HOW TO COMPLETE THIS TASK: Copy every record word for word. Pictures are not part of the copy.

RECORDS SHOWN:
[Start of section]
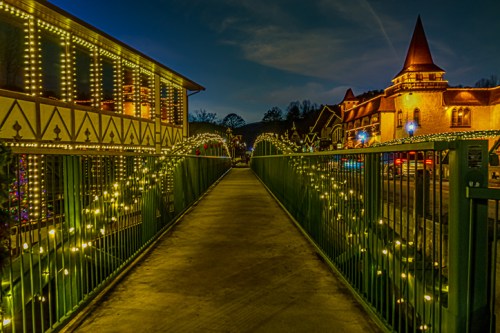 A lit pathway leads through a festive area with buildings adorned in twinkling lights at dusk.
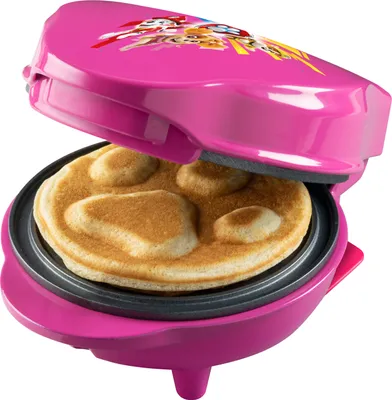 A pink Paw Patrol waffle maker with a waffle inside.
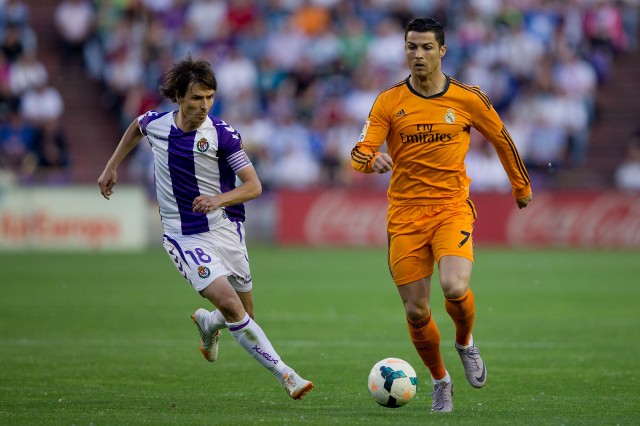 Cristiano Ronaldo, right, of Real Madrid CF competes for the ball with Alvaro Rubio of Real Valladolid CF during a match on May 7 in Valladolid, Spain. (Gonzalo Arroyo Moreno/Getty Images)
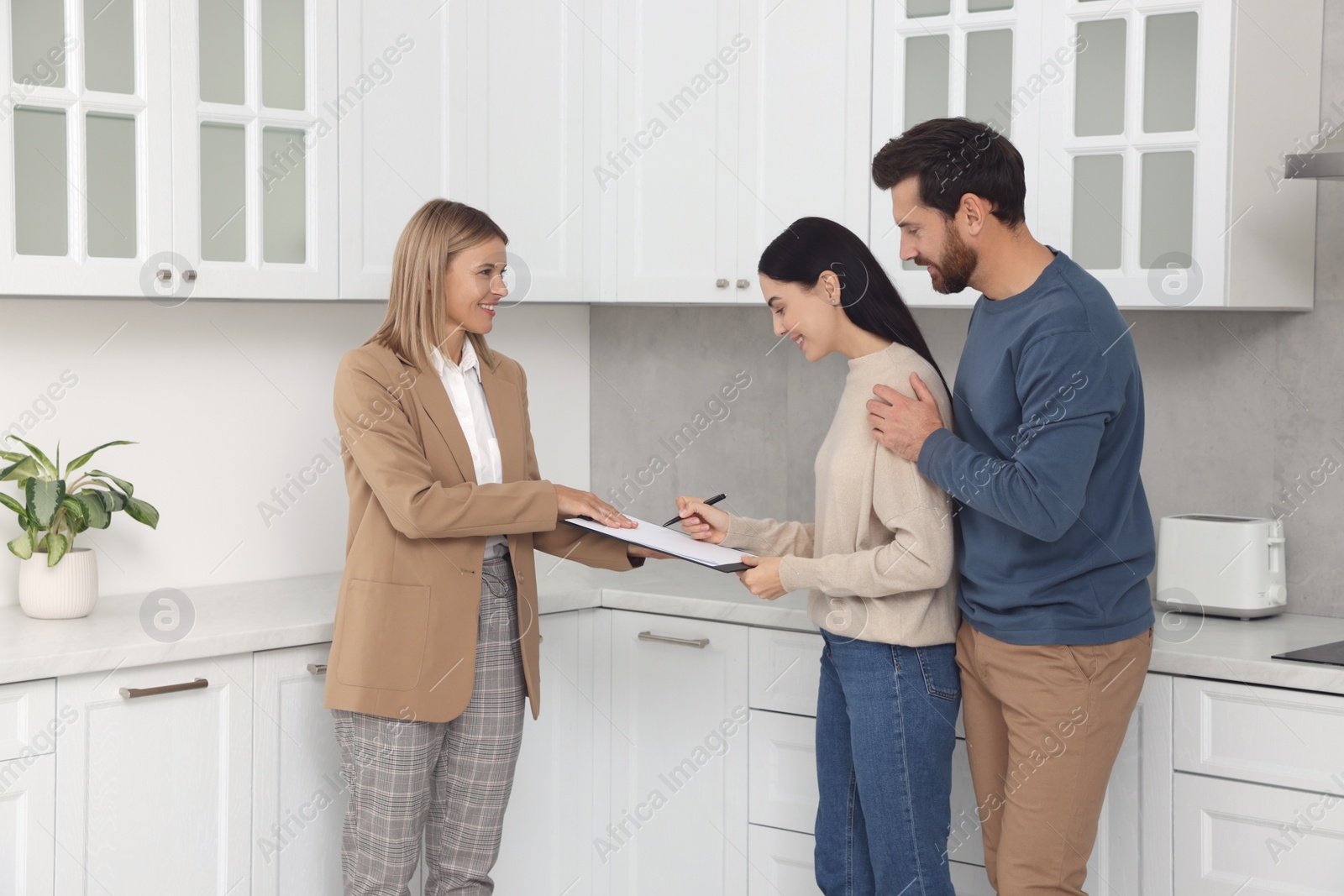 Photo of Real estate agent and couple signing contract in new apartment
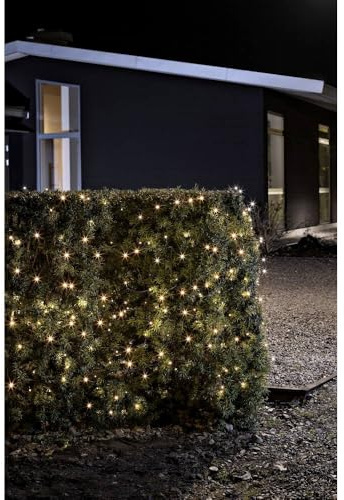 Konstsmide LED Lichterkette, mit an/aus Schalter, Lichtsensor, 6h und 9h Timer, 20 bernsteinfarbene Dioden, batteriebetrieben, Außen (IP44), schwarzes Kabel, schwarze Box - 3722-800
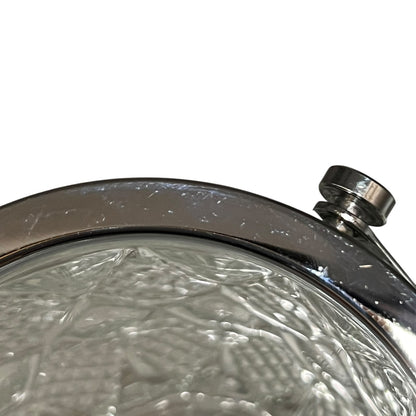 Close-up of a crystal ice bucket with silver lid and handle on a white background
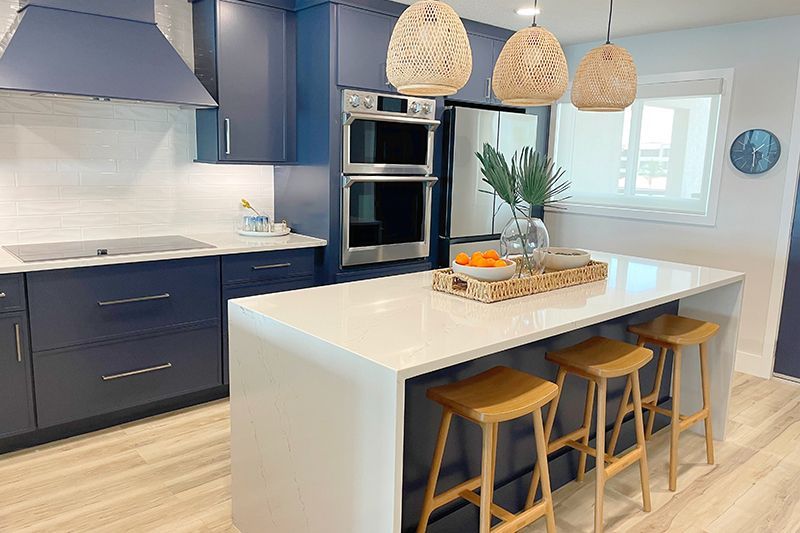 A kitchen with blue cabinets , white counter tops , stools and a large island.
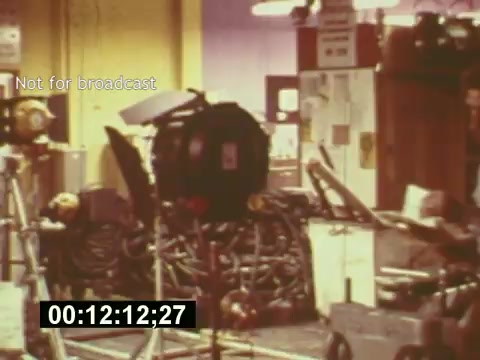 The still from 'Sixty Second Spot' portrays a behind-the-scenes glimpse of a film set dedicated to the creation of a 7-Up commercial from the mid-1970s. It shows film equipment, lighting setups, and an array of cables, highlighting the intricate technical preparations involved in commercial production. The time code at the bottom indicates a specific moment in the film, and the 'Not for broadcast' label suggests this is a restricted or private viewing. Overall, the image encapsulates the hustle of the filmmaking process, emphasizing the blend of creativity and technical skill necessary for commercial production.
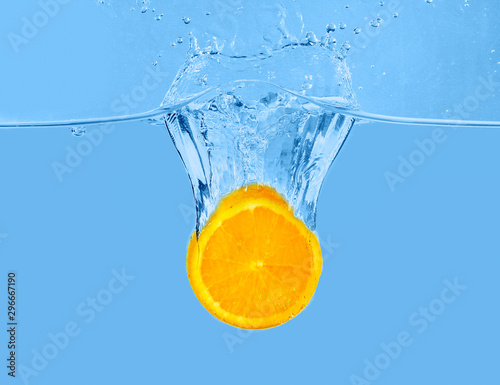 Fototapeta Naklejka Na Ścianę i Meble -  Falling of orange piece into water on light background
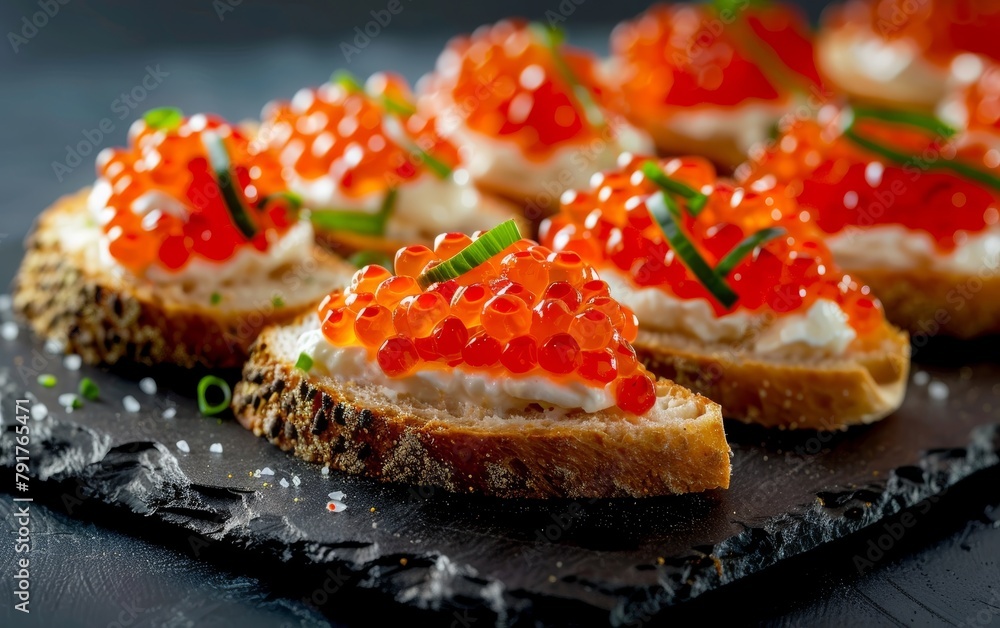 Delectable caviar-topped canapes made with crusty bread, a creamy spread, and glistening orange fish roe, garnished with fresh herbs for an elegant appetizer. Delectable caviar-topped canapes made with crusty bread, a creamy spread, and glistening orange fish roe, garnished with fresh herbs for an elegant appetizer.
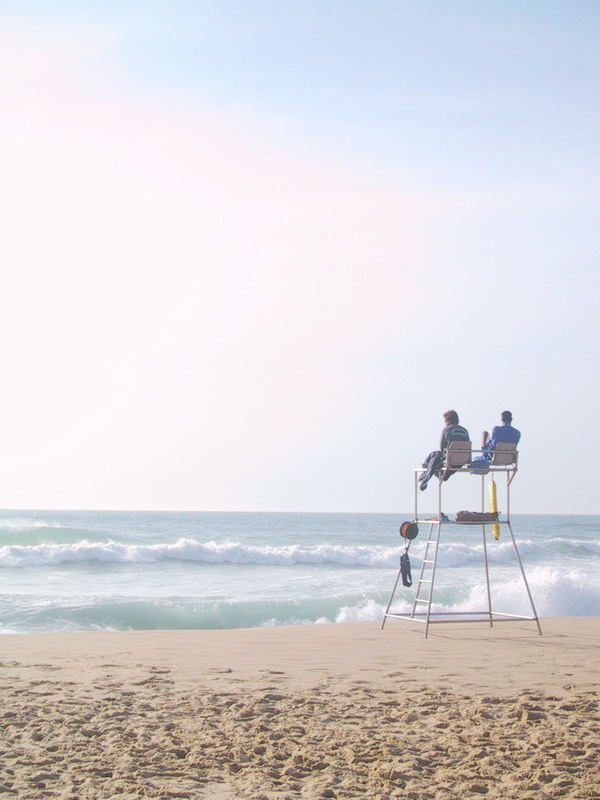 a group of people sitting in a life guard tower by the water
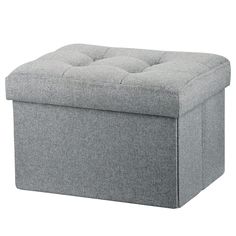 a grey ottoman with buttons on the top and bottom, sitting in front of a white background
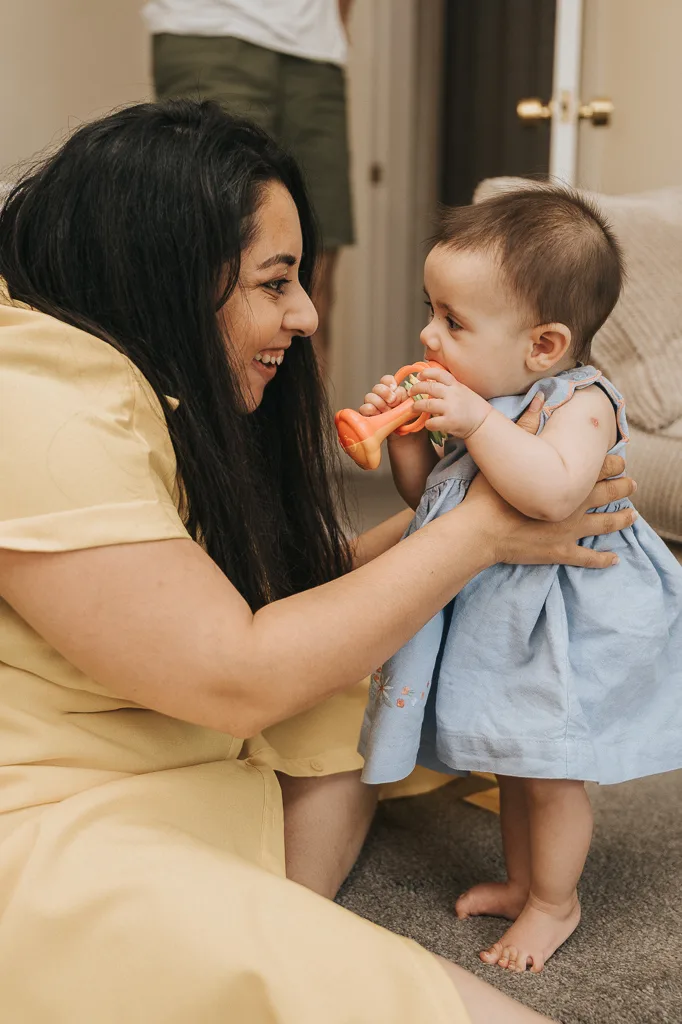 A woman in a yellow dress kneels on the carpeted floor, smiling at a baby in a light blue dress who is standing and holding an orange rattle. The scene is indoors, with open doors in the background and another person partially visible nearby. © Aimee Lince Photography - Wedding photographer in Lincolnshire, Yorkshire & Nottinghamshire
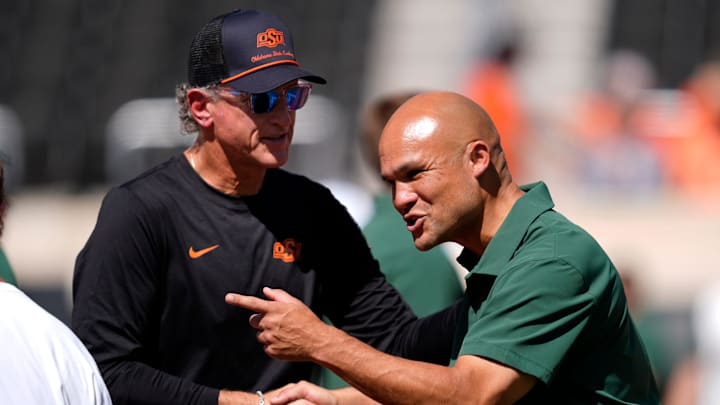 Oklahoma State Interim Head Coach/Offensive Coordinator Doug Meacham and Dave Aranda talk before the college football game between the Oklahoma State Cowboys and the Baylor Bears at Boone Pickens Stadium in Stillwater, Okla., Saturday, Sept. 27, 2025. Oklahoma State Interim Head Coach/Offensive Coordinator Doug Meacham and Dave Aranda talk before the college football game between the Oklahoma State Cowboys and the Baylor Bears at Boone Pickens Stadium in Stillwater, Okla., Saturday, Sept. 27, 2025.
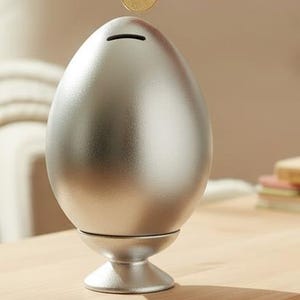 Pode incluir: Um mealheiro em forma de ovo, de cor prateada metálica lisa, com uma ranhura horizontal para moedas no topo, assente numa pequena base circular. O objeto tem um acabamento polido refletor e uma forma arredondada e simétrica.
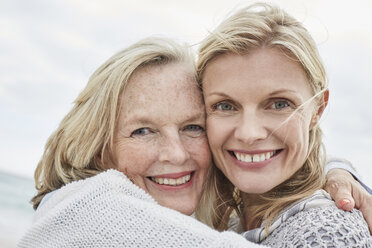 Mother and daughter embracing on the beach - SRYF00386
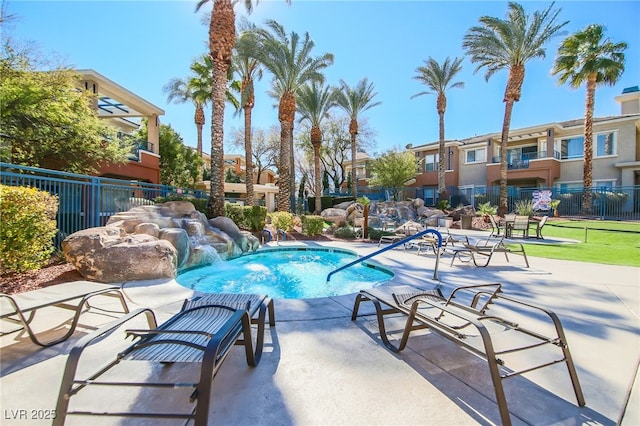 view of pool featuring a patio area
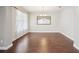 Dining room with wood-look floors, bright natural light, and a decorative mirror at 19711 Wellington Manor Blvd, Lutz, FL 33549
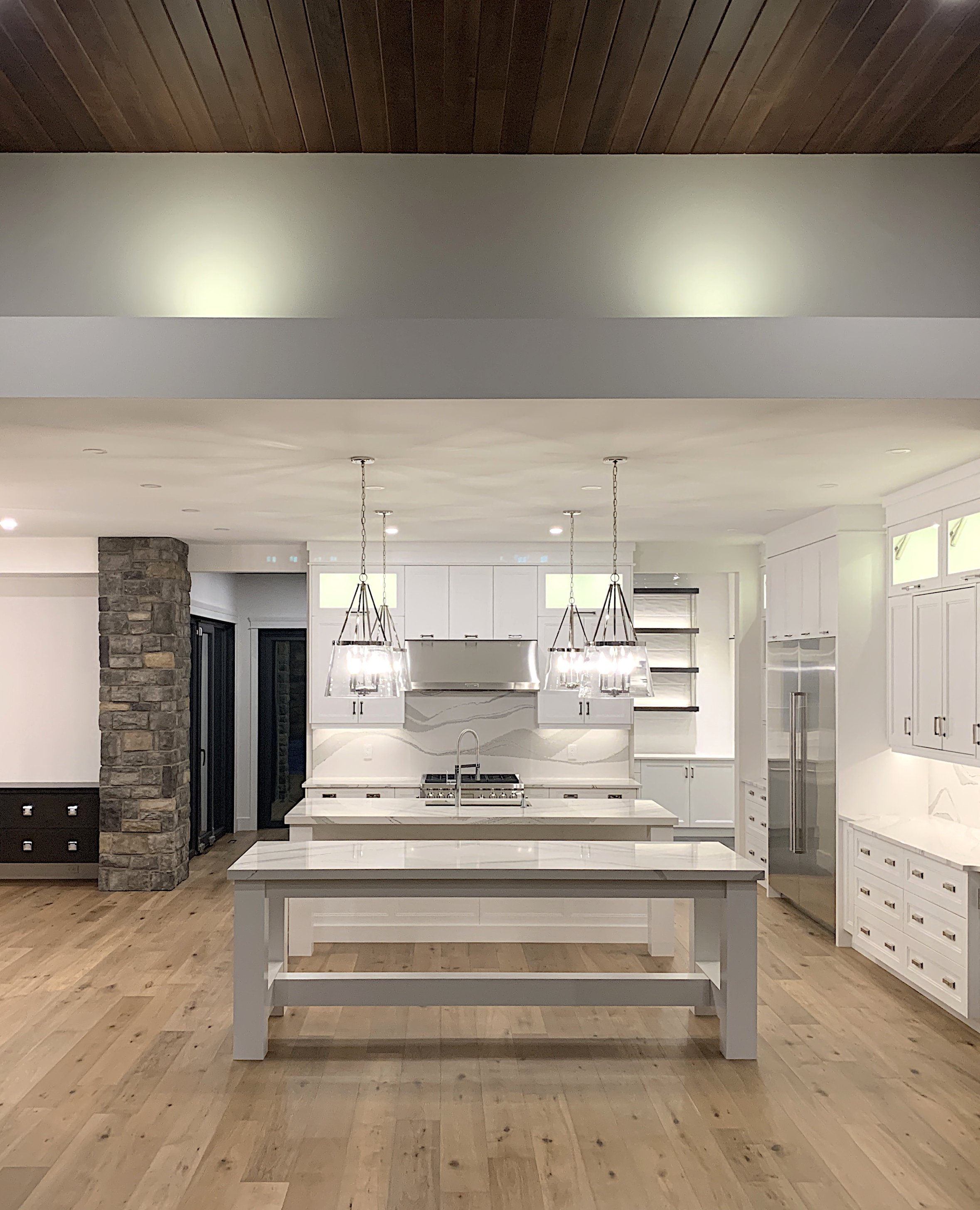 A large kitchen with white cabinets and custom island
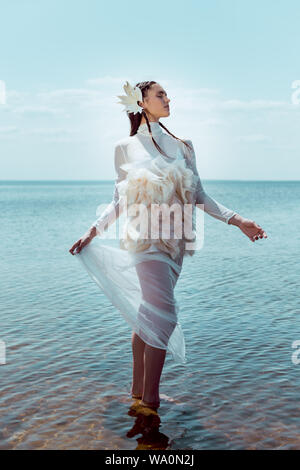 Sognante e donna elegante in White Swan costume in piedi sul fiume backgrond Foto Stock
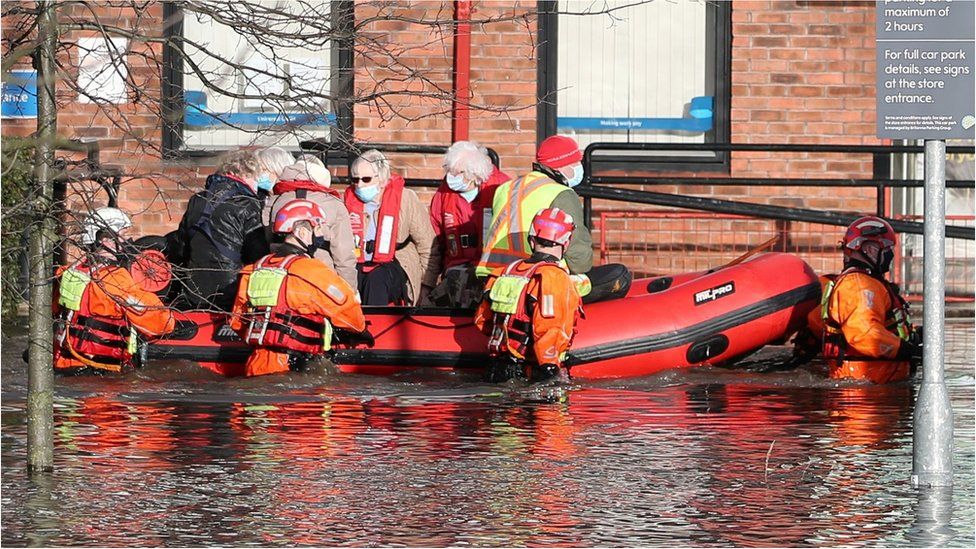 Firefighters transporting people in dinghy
[End of section]
TASK SOLUTION:
 A lit pathway leads through a festive area with buildings adorned in twinkling lights at dusk.
 A pink Paw Patrol waffle maker with a waffle inside.
 Cristiano Ronaldo, right, of Real Madrid CF competes for the ball with Alvaro Rubio of Real Valladolid CF during a match on May 7 in Valladolid, Spain. (Gonzalo Arroyo Moreno/Getty Images)
 Photo of Real estate agent and couple signing contract in new apartment
 Konstsmide LED Lichterkette, mit an/aus Schalter, Lichtsensor, 6h und 9h Timer, 20 bernsteinfarbene Dioden, batteriebetrieben, Außen (IP44), schwarzes Kabel, schwarze Box - 3722-800
 Close-up of a crystal ice bucket with silver lid and handle on a white background
 A kitchen with blue cabinets , white counter tops , stools and a large island.
 The still from 'Sixty Second Spot' portrays a behind-the-scenes glimpse of a film set dedicated to the creation of a 7-Up commercial from the mid-1970s. It shows film equipment, lighting setups, and an array of cables, highlighting the intricate technical preparations involved in commercial production. The time code at the bottom indicates a specific moment in the film, and the 'Not for broadcast' label suggests this is a restricted or private viewing. Overall, the image encapsulates the hustle of the filmmaking process, emphasizing the blend of creativity and technical skill necessary for commercial production.
 Fototapeta Naklejka Na Ścianę i Meble -  Falling of orange piece into water on light background
 Delectable caviar-topped canapes made with crusty bread, a creamy spread, and glistening orange fish roe, garnished with fresh herbs for an elegant appetizer. Delectable caviar-topped canapes made with crusty bread, a creamy spread, and glistening orange fish roe, garnished with fresh herbs for an elegant appetizer.
 a group of people sitting in a life guard tower by the water
 a grey ottoman with buttons on the top and bottom, sitting in front of a white background
 A woman in a yellow dress kneels on the carpeted floor, smiling at a baby in a light blue dress who is standing and holding an orange rattle. The scene is indoors, with open doors in the background and another person partially visible nearby. © Aimee Lince Photography - Wedding photographer in Lincolnshire, Yorkshire & Nottinghamshire
 Oklahoma State Interim Head Coach/Offensive Coordinator Doug Meacham and Dave Aranda talk before the college football game between the Oklahoma State Cowboys and the Baylor Bears at Boone Pickens Stadium in Stillwater, Okla., Saturday, Sept. 27, 2025. Oklahoma State Interim Head Coach/Offensive Coordinator Doug Meacham and Dave Aranda talk before the college football game between the Oklahoma State Cowboys and the Baylor Bears at Boone Pickens Stadium in Stillwater, Okla., Saturday, Sept. 27, 2025.
 Pode incluir: Um mealheiro em forma de ovo, de cor prateada metálica lisa, com uma ranhura horizontal para moedas no topo, assente numa pequena base circular. O objeto tem um acabamento polido refletor e uma forma arredondada e simétrica.
 Mother and daughter embracing on the beach - SRYF00386
 view of pool featuring a patio area
 Dining room with wood-look floors, bright natural light, and a decorative mirror at 19711 Wellington Manor Blvd, Lutz, FL 33549
 A large kitchen with white cabinets and custom island
 Sognante e donna elegante in White Swan costume in piedi sul fiume backgrond Foto Stock
 Firefighters transporting people in dinghy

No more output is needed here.